(Activity)
Word for word, restate the data that follows, omitting the images.

(Provided data)
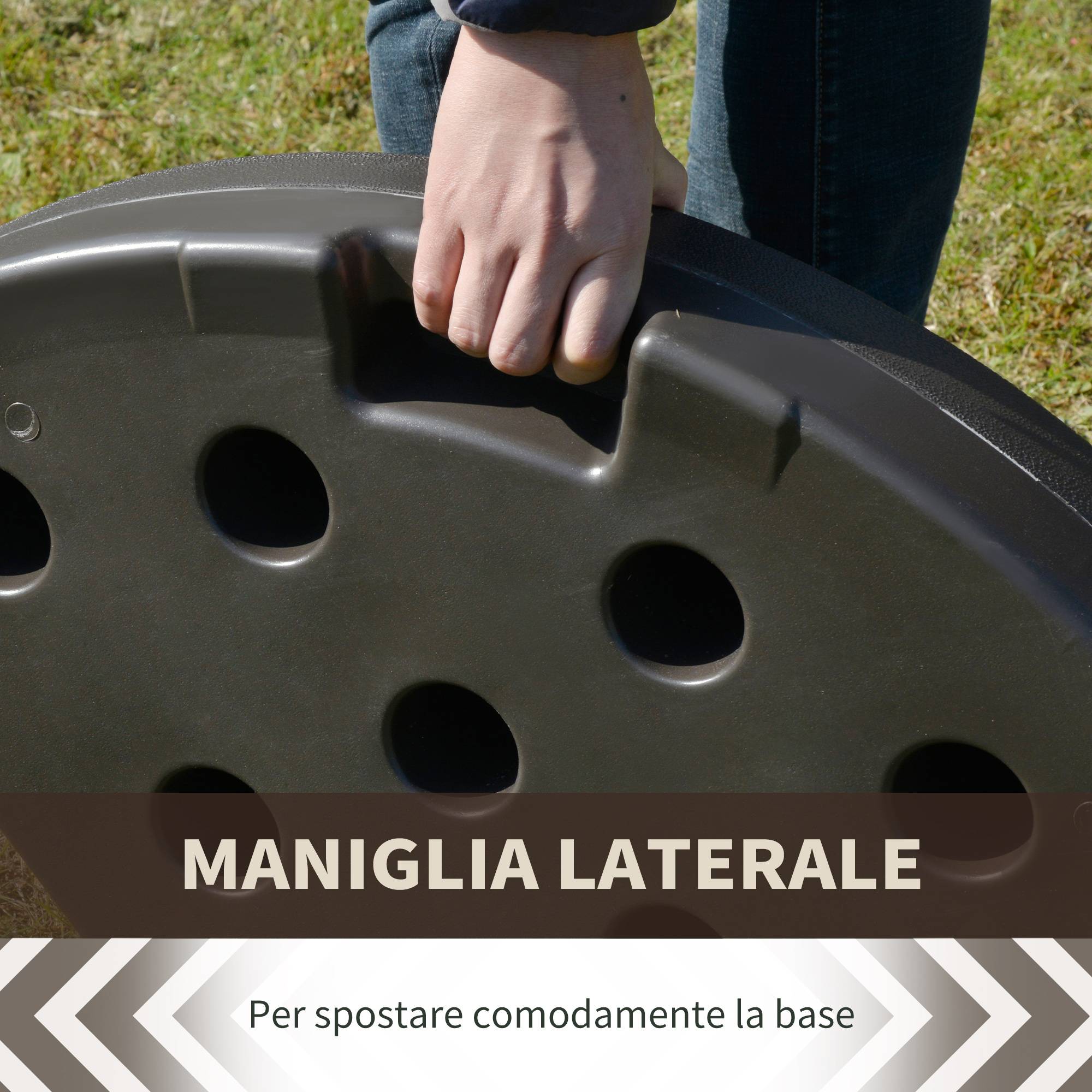 Set de 4 poids pour supports de parasol, base en HDPE, remplissable avec 68 kg d'eau ou 100 kg de sable et eau, 100x100x10,5 cm, café - Image 8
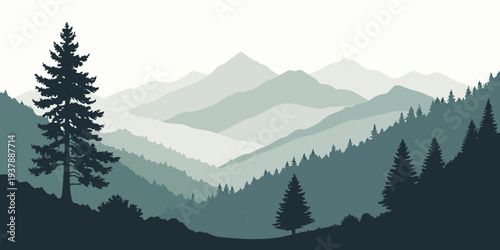 A tree on a hill overlooking mountains Vector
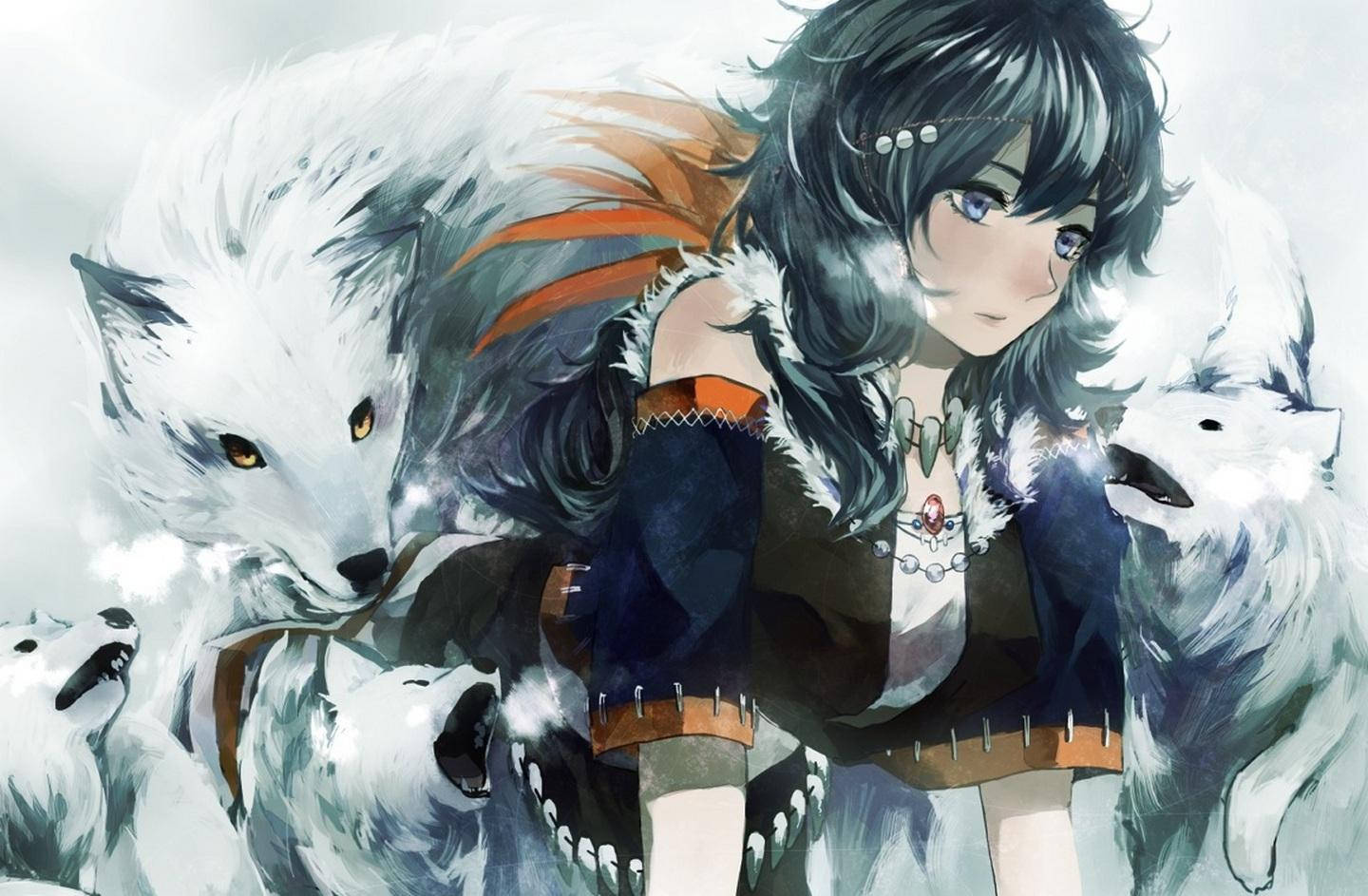Wolf Girl 桌布 壁紙 — 一位年輕的動漫女孩，深色頭髮和藍色眼睛，站在雪白、空靈的風景中，被白狼包圍。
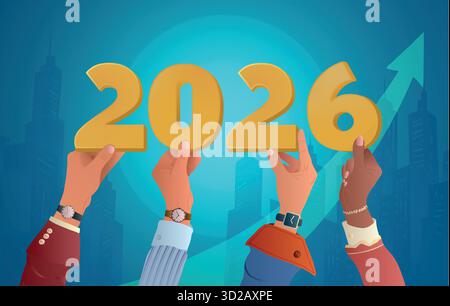 Team aziendale con 2026 numeri che simboleggiano la crescita l'innovazione e il successo per il nuovo anno Illustrazione Vettoriale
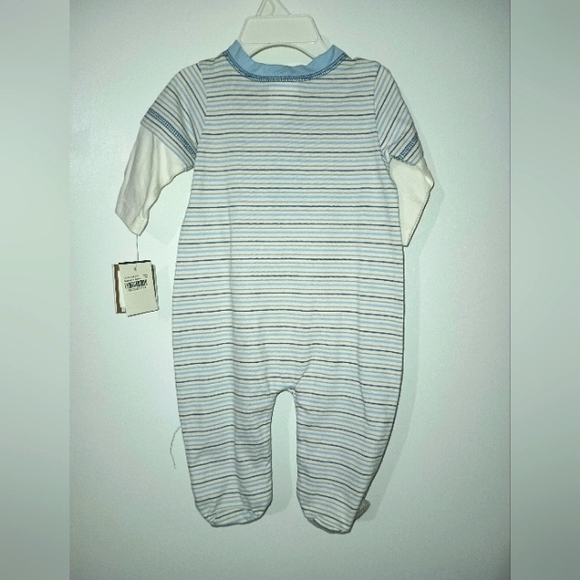 3 months Bloomingdales baby boy train footie outfit - Picture 3 of 6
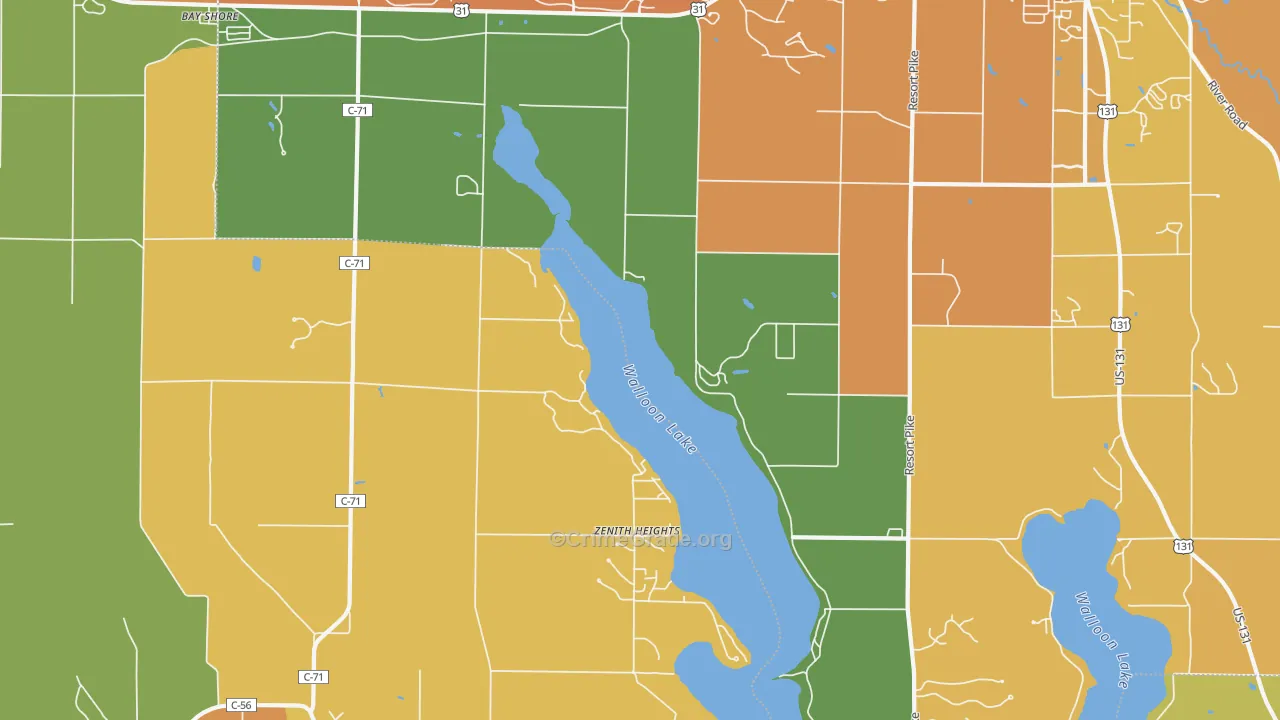Zenith Heights, MI Map of Robbery Rates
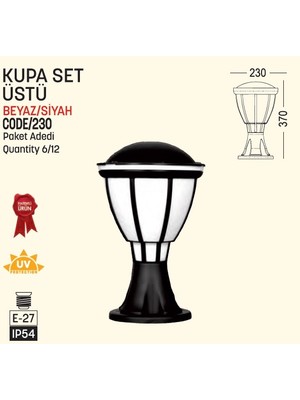 Bahçe Armatürü, Kupa Set Üstü, 37 Cm, E27, Siyah, Zita 230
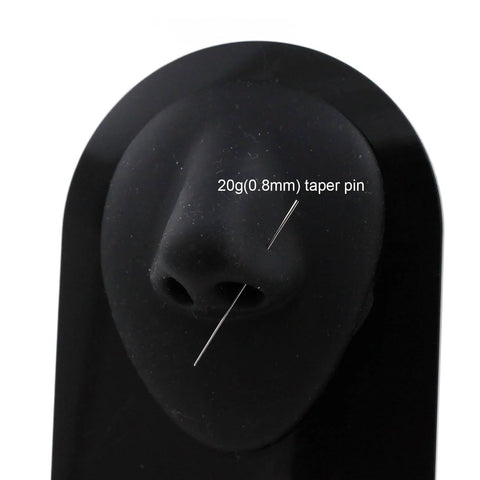 20G 0.8mm 316L Stainless Steel Calor Style Taper Insertion Pin for Ear and Nose Stretcher, shown on a black mannequin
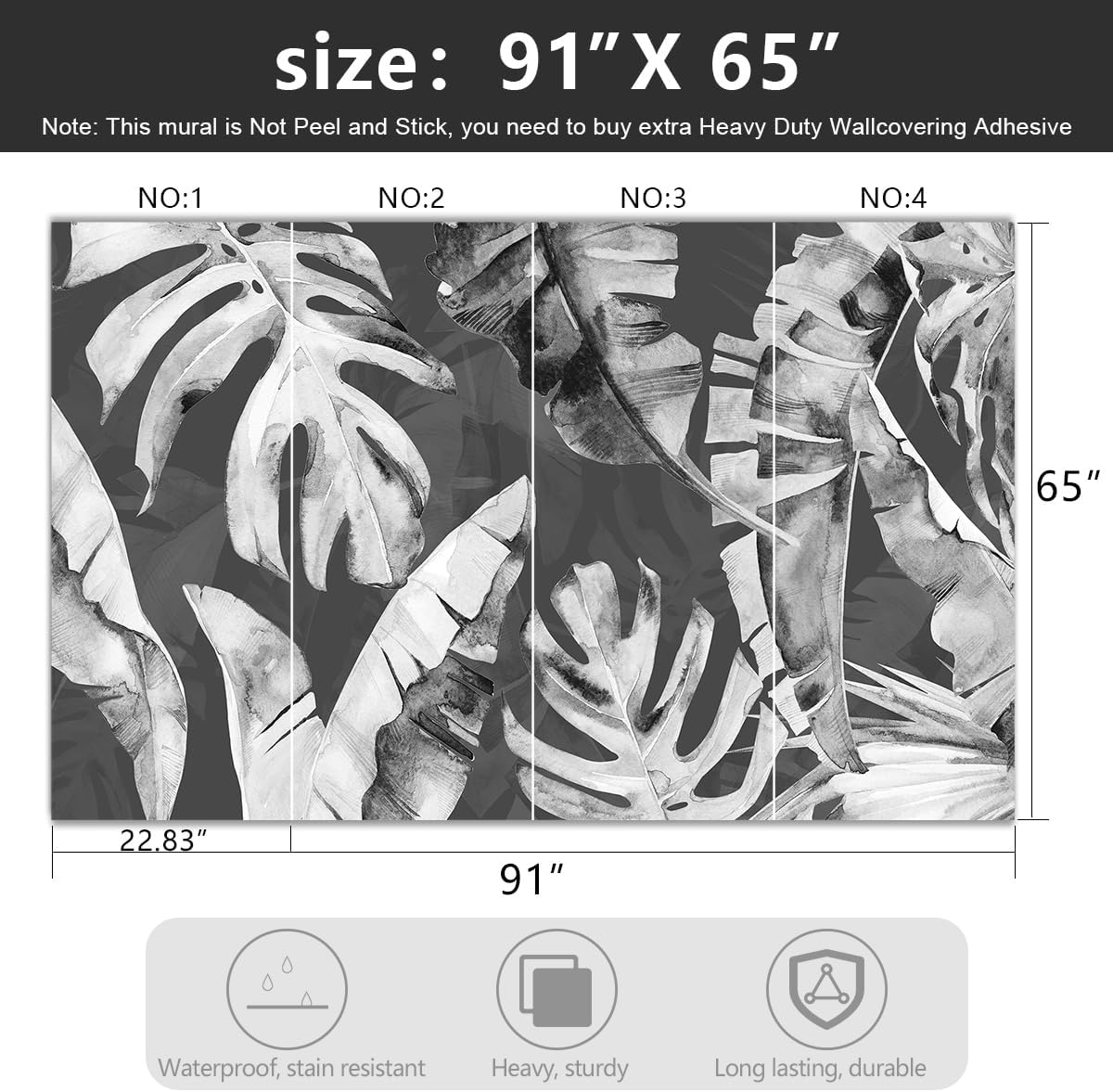 -Tropical Botanical Grey Banana Leaf Fabric Wallpaper Living Room Bedroom Bathroom Plant Wall Mural- 91"x65"( not Peel and Stick)
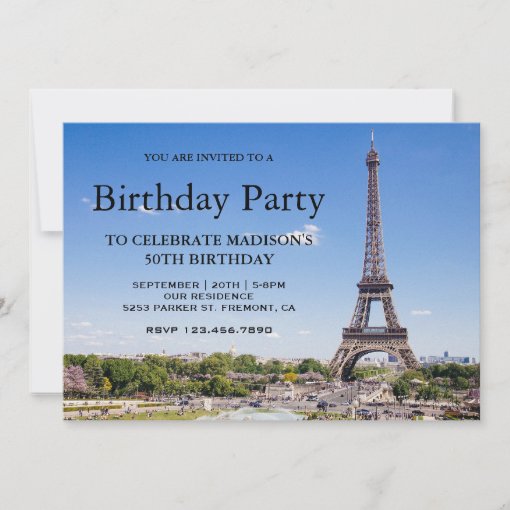 Eiffel Tower Birthday Party Invitation | Zazzle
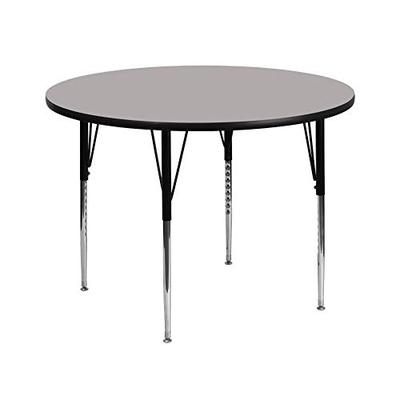 Flash Furniture 42'' Round Grey HP Laminate Activity Table - Standard Height Adjustable Legs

(Result)
 Set de 4 poids pour supports de parasol, base en HDPE, remplissable avec 68 kg d'eau ou 100 kg de sable et eau, 100x100x10,5 cm, café - Image 8
 A tree on a hill overlooking mountains Vector
Wolf Girl 桌布 壁紙 — 一位年輕的動漫女孩，深色頭髮和藍色眼睛，站在雪白、空靈的風景中，被白狼包圍。
 Team aziendale con 2026 numeri che simboleggiano la crescita l'innovazione e il successo per il nuovo anno Illustrazione Vettoriale
 3 months Bloomingdales baby boy train footie outfit - Picture 3 of 6
Zenith Heights, MI Map of Robbery Rates
 Bahçe Armatürü, Kupa Set Üstü, 37 Cm, E27, Siyah, Zita 230
 20G 0.8mm 316L Stainless Steel Calor Style Taper Insertion Pin for Ear and Nose Stretcher, shown on a black mannequin
 -Tropical Botanical Grey Banana Leaf Fabric Wallpaper Living Room Bedroom Bathroom Plant Wall Mural- 91"x65"( not Peel and Stick)
 Eiffel Tower Birthday Party Invitation | Zazzle
 Flash Furniture 42'' Round Grey HP Laminate Activity Table - Standard Height Adjustable Legs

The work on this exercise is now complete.